5 Discussion and Conclusion

We analyzed the university partnerships, namely the factors that influence the development of trust, such as similarity in the area of research, reciprocal communication, decision process similarity, team size, contact frequency, and relationship maturity. We used a mix method to data collection: questionnaire and interview.

We identified the patents currently granted and in force submitted by Portuguese public universities – 570 – and sent a questionnaire to academic inventors to identify inventions developed in partnerships. Among 104 patents analyzed, we identified 37 patents developed in collaboration in partnerships: 18 UI partnerships and 19 academic partnerships. The ordered probit regressions performed in our sample showed significant associations between the factors analyzed and the trust felt in partners, as a whole, and in partners of UI partnerships. The decision process similarity and the low contact frequency showed influence in trust on both models. The results reveal that decision process similarity is positively related to trust and the bi-annual contact frequency is negatively related to trust.
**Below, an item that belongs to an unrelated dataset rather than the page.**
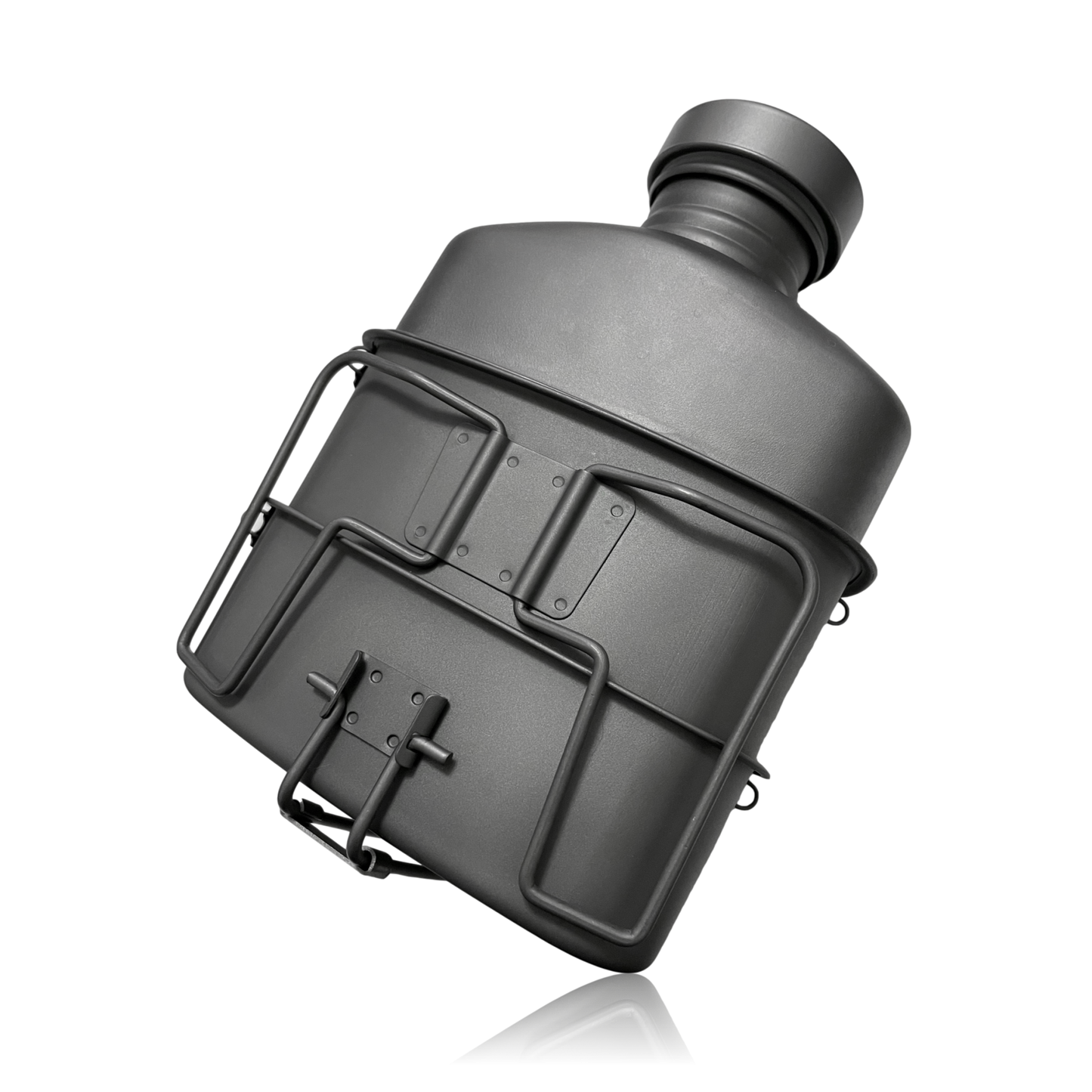 Valtcan Titanium EndurePro Canteen with Mess kit Water Bottle Set Hydrate for Survival 1.1L, 750ml, 400ml Lunchbox cup with lid and Carrying Case 350g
In addition, we interviewed the 19 top academic inventors with extensive experience in patenting at five Portuguese public universities. We analyzed 63 patents of which only 11 were developed in partnership. We highlight that the 6 academics who commercialized patents also collaborated with the industry. These academics emphasized the long-term relationship with industrial partners and the time and willingness to build trust. We observed a common pattern among these inventors: they refer to the development of the patent as a process of co-development, and not as something to be developed by academics and sold to industry. These inventors highlighted that close relationship with the industry is fundamental to assertive identification of market gaps, the perception of technological viability and access to facilities and networks.

Although our sample is not representative, the results obtained suggest that there are still few partnerships in the development of patented inventions, that is, UI partnerships. Even though in the last two decades in Portugal there has been an approximation between academia and industry, it is necessary that these organizations collaborate even more. Collaboration with the industry has benefits, namely in the development of patented invention, however, most collaborations are still strictly academic. Therefore, public policies should continue to promote the UI partnerships through funded projects that necessarily include university and industry partners, but they need to go even further. Given the benefits of long-term relationships, it seems important to take steps to strengthen existing UI partnerships. It is necessary to bring the university and industry even closer together and to encourage the creation of long-term relationships with successful results over the years. Longitudinal research on this topic is necessary to better understand the Portuguese case and to be able to take more appropriate policies.